The redone study found an effect pointing in the same direction as the original, but far weaker. One possible reason, the authors suggest, had to do with how subjects’ opinions about free will were manipulated. Participants read an essay, and it’s plausible that they were not as engaged in reading and thinking about it as were those in the first study.
The study was cited 341 times in other journals, the most of any of the 100 studies that the Reproducibility Project tried to replicate. There are 24 citations listed in the PubMed database.
In popular news media at the time, the study was covered with a focus on what it meant for societal belief in free will.

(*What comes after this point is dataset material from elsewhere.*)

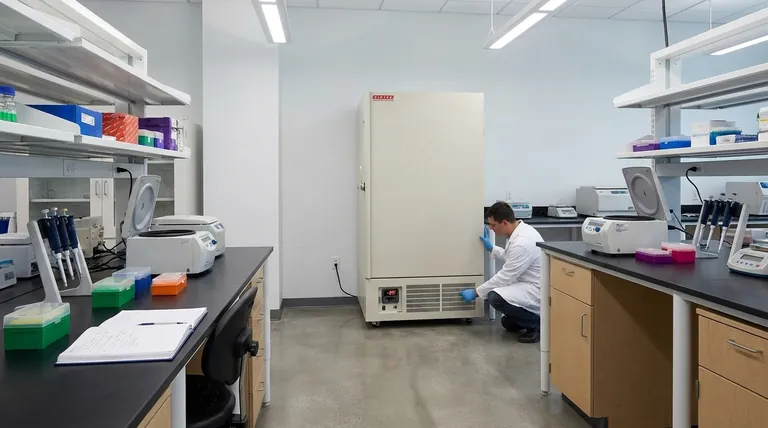 超低温冰箱是如何实现如此低温度的?-80°C制冷的科学原理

A Scientific American report in August 2008 called the study clever and added, “The results were clear: Those who read the anti-free-will text cheated more often!” In Psychology Today in March 2008, a reporter wrote, “Reducing belief in free will might also make people exercise less and drink more.” A New York Times story in February of the same year said that the researchers interpreted their findings to raise, “questions about how human behavior might change if the belief in free will continued to decrease.” However, it added that the researchers, “cautioned against reading too much into the results.”
I’m amazed—and appalled—that the Vohs and Schooler study was not only cited uncritically (doesn’t anybody care if there are long-term effects?), but was even cited improperly, as if denial of fee will would affect exercise and drinking.
I’ve also written that Rolf Zwaan at the University of Rotterdam has failed to replicate the Vohs and Schooler result, so that makes two failures to replicate, even if you accept that some truth is conveyed in the kind of experiment that was done originally. (I have serious doubts about whether cheating immediately after reading a deterministic passage—even if it’s a real effect—says anything about long-term behavior.) All I know is that I haven’t been tempted to cheat more often since I’ve become a hidebound determinist and incompatibilist!
But in the end, these are the words to remember: “The response isn’t to disseminate falsehoods that will nudge people to behave better; it’s to disseminate explanations as to why one shouldn’t behave badly even though certain propositions are true.”
Vohs, K. D., and J. W. Schooler. 2008. The value of believing in free will: encouraging a belief in determinism increases cheating. Psychol. Sci. 19:49-54.